To stop Act 626 from becoming law on July 28, the ACLU has filed a lawsuit against the state of Arkansas in federal court, on behalf of four transgender youth and their families and two physicians. The lawsuit alleges that Act 626 violates the United States Constitution. The families and physicians have expressed the challenges they will face if the law goes into effect next month. Holly Dickson, Executive Director of the ACLU of Arkansas states, “Gender-affirming care is life-saving care for our clients, and they’re terrified of what will happen if this law is allowed to take effect. No child should be cut off from the medical care they need or denied their fundamental right to be themselves — but this law would do both. We’re suing to stop this cruel and unconstitutional law from taking effect and inflicting further harm on these children and their families.”
On June 17, the U.S. Justice Department filed a legal brief in Arkansas stating Act 626 is unconstitutional. They argue the law violates the right to equal protection under the law, as granted by the U.S. Constitution’s 14th Amendment.
What’s at risk for Arkansas’s trans youth
Negative outcomes are associated with depriving transgender youth with medically necessary treatment. Studies have shown that transgender youth have higher rates of mental health problems. They are also at increased risk of harassment, bullying, violence, and are more likely to commit suicide. The Arkansas Children’s Hospital has already reported multiple suicide attempts by transgender youth after the statute was put in place due to the uncertainty of their medical rights.
Gender-affirming care has been shown to have a positive effect on the mental health functioning of transgender youth. Worse mental health outcomes are present for youth who attain transitioning-related treatments at a later age in life. Receiving gender-affirming treatment at an older age will also put transgender individuals at a higher risk of being affected by gender dysphoria, discomfort and distress associated with an individual’s gender identity differing from the sex they were assigned at birth. To create better mental health outcomes for transgender youth, we must come to realize that gender-affirming care is life-saving care.
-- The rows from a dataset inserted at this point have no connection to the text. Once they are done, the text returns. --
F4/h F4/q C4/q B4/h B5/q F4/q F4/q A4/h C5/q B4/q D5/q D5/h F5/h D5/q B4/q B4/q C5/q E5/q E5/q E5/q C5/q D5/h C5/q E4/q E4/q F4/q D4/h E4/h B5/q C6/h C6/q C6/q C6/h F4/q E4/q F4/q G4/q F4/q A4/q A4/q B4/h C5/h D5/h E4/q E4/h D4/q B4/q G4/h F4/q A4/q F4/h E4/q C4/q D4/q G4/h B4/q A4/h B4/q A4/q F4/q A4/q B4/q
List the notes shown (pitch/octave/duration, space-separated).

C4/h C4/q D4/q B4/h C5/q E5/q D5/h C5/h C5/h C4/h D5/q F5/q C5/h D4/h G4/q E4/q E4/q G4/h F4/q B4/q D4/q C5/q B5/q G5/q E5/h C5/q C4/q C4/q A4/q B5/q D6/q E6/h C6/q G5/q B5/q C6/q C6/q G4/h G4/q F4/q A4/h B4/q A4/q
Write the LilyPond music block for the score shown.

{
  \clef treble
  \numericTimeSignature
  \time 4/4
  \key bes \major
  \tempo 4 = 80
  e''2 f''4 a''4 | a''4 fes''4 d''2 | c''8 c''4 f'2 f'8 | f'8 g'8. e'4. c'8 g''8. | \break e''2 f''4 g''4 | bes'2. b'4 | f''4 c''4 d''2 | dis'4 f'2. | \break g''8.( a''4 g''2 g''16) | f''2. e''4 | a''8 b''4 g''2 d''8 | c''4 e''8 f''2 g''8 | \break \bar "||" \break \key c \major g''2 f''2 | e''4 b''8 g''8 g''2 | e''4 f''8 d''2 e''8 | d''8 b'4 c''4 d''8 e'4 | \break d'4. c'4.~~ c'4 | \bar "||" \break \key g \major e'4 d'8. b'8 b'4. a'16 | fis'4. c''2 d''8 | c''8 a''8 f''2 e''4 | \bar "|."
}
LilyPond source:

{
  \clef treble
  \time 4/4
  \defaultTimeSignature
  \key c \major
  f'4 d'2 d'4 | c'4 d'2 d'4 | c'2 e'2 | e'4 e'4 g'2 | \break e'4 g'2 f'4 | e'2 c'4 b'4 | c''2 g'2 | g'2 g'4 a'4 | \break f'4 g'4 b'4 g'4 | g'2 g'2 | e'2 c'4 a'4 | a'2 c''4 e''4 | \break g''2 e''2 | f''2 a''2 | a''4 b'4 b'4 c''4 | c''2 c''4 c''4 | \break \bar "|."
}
The Affordable Care Act helped to prohibit discrimination for the LGBTQIA+ community. If Act 626 goes into effect next month, it will undue a lot of hard work that was put into place to ensure equal access to care for transgender youth. With the lawsuit underway between ACLU against the state of Arkansas, many are hopeful that transgender youth in Arkansas will not lose their healthcare benefits and medical rights. Every major medical association within the United States, including the American Medical Association, American Academy of Pediatrics, and the American Academy of Child and Adolescent Psychiatry have issued statements of support for providing adolescents gender-affirming care.
Taking away access to gender-affirming care has the potential to cause financial burdens to transgender youth and their families due to having to access medical care outside of the state. Also, removing accessibility to life-saving treatments has the potential to create devastating mental health outcomes and cost us the lives of transgender youth throughout the state. We know that this policy will also disproportionately affect those dealing with the intersectionality of their identity. This means that transgender youth of color, transgender youth in low-income families, transgender youth in mixed-immigration-status families, will be impacted most if this law is put into place. In a month of pride for the LGBTQIA+ community, the potential consequences of this legislation is something Arkansas should not be proud of.